Now, with my own makeshift “symbols”, understanding the code became a lot easier.

Key Exchange Init (SSH2_MSG_KEXINIT)

When parsing a packet SSH2_MSG_KEXINIT, we eventually reach a function I called parse_1801403C0.

Figure 4. Link between packet_20_1801445D0 and parse_1801403C0

It makes 6 functions calls sequentially, with 2 of them to prep_symm_enc_18013F840:

Figure 5. Inside parse_1801403C0

If we look into prep_symm_enc_18013F840, we notice that it involved strings such as “aes128-cbc” and made use of OpenSSL functions such as EVP_aes_128_cbc and EVP_CipherInit_ex (see Figure 6). This pattern of OpenSSL API usage is used for symmetric encryption/decryption, and an example can be found here. It is therefore logical to assume that the calls to prep_symm_enc_18013F840 were to implement the symmetric encryption portion of the SSH handshake.

Figure 6. Inside prep_symm_enc_18013F840

Since there was a pair of calls to the prep_symm_enc_18013F840, I deduced that the calls were responsible for creating OpenSSL EVP contexts for the client-to-server (a1 + 1112) and server-to-client (a1 + 1120) encrypted communication channels respectively (Note: client-to-server and server-to-client comms can use different encryption algorithms).

Recall that a key exchange has not taken place yet when the server and client are exchanging SSH2_MSG_KEXINIT packets. As such, the server does not possess shared keys and IVs with the client and can only call EVP_EncryptInit_ex with most fields as null, which is valid as stated here:

Figure 7. Documentation for EVP_EncryptInit_ex

Actual Key Exchange (SSH2_MSG_KEXDH_INIT)

Moving on to the parsing of SSH2_MSG_KEXDH_INIT, or packet 30, the bulk of the code logic is in a function I (aptly) named kex_shiz_180142950. Towards the end of the function, we see 6 very similar pieces of code:

Figure 8. 6 pieces of code (not all inside image)

The purpose behind this code can be found in the RFC, specifically in section 7.2. Essentially, after the key exchange has occurred, this code is used to generate shared keys and IVs with the client. Note that EVP_EncryptInit_ex is called a second time on a1 + 1120, but this time with the IV and key. With this, encryption / decryption can take place.

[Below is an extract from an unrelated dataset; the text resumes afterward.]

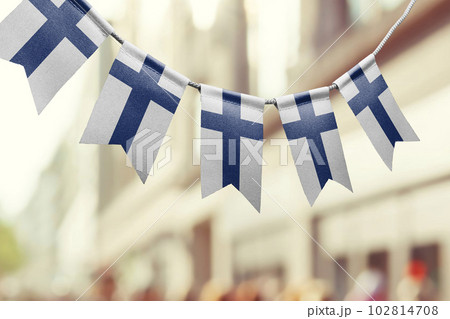 A garland of Finland national flags on an abstract blurred background 102814708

Switch to encrypted communication (SSH2_MSG_NEWKEYS)

So far, all packets had been sent in the plain. After receiving the last plaintext packet, SSH2_MSG_NEWKEYS, the server calls calls packet_21_180144870 which assigns a1 + 1120 to a1 + 1104.

Figure 9. Now a1 + 1104 holds the AES context

From now on, when sending encrypted packets to the client, the server will use this EVP_CIPHER_CTX object stored in a1 + 1104.

Bindiffing

Now, on to the actual bindiffing. The patch was deceptively simple, which made me doubt my judgement quite a couple of times throughout the analysis. As can be seen below, in the patched version, the patch adds a check at the start of packet_30_180144420 to ensure the value of a1 + 408 is 3 before continuing:

Figure 10. Change to packet_30_180144420

When the updated kex_shiz_180142950 completes successfully, it then assigns 4 to a1 + 408…

Figure 11. Change to kex_shiz_180142950

…which will be checked for in the updated packet_21_180144870:

Figure 12. Change to packet_21_180144870

With the patch, the order of packets received is now restricted to the correct order specified by the RFC. For example, if the server receives SSH2_MSG_KEXDH_INIT instead of SSH2_MSG_KEXINIT as the first packet after banner exchange, the function parsing the packet will immediately bail as a1 + 408 is not set to the correct value of 3.

From here, I had 3 hypotheses of how the bug may be triggered:

  1. Send SSH2_MSG_KEXDH_INIT as the first packet
  2. Send an invalid SSH2_MSG_KEXINIT packet that causes parsing to fail and leave some fields uninitialised, then send an SSH2_MSG_KEXDH_INIT
  3. Rearrange SSH2_MSG_KEXINIT, SSH2_MSG_KEXDH_INIT and SSH2_MSG_NEWKEYS in an invalid order

In retrospect, the log entry provided by Microsoft became a red herring in my analysis, as it made me incorrectly assume that the root cause of the bug was somehow in kex_shiz_180142950 which parses SSH2_MSG_KEXDH_INIT. After the first idea was quickly proven wrong, I moved on to the second idea and tried to send all kinds of invalid SSH2_MSG_KEXINIT packets in hopes of triggering a crash, which did not work.

It was only a month of aimlessly testing that I thought of the third possibility. By that time, the Microsoft blog post was released for 1-2 days but I had no idea. After a little testing, I was amazed to find out that just by sending a single SSH2_MSG_NEWKEYS packet, I managed to crash the server. It was that simple all along. However, looking at the logs and crash location, I quickly realised the crash was not what was reported by Microsoft.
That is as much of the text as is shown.